As the field of access to information is extensive, this paper presents a broad survey of research regarding the presentation of information to people with visual disabilities, addressing in particular those problems that are prominent in the research community. While an attempt is made to include research which is representative of multinational initiatives, this review, inevitably, has a bias towards the English-speaking world. A subsequent review of additional sources from the non-English-speaking research community, as well as a large bibliographic database, are available through the authors [94]. It is important to note that this survey is intended as a starting point for those interested in pursuing research on accessible information for people with visual disabilities; it is not a definitive volume of all research in the field. In particular, this paper does not address the input modality of interfaces for accessing diagrams, mathematics or other forms of information.
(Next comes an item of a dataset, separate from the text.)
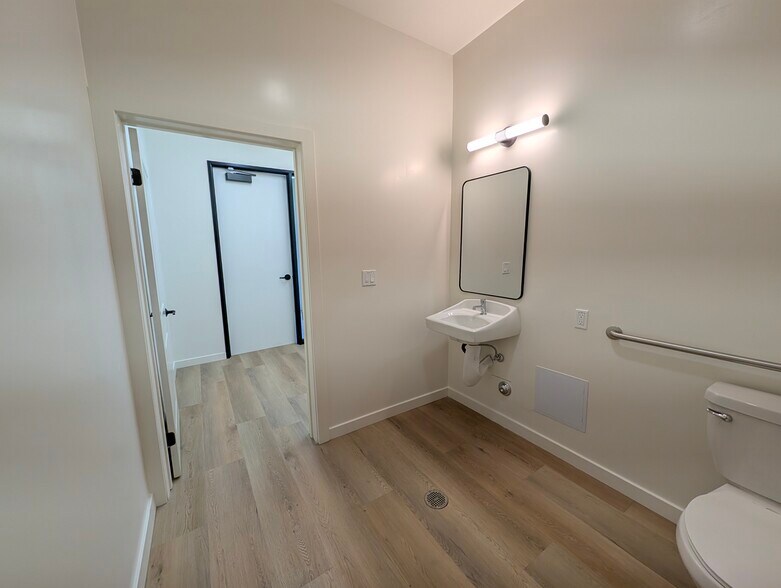More Photos Of 1156 W Florence Ave, Los Angeles Apartments For Sale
In this paper the term people with visual disabilities is used to refer to the full range of people who have visual disabilities. This includes people who are blind, who have little or no functional vision, and people who have low vision.

This paper begins with a discussion of the presentation alternatives available to people with visual disabilities. These alternatives are audio presentation, discussed in Sect. 2, and tactile presentation, covered in Sect. 3. Following the discussion of these technologies, the paper examines how they are applied to different types of content, addressing the presentation of textual information, mathematics and graphics in Sects. 4, 5 and 6, respectively.

Section 7 considers online sources of information which include web and multimedia documents. The review concludes with a discussion of haptic technology and areas for future exploration.

Audio media

This section discusses how information can be conveyed through sound to a user, starting from non-speech sounds and then proceeding to discuss synthesized speech.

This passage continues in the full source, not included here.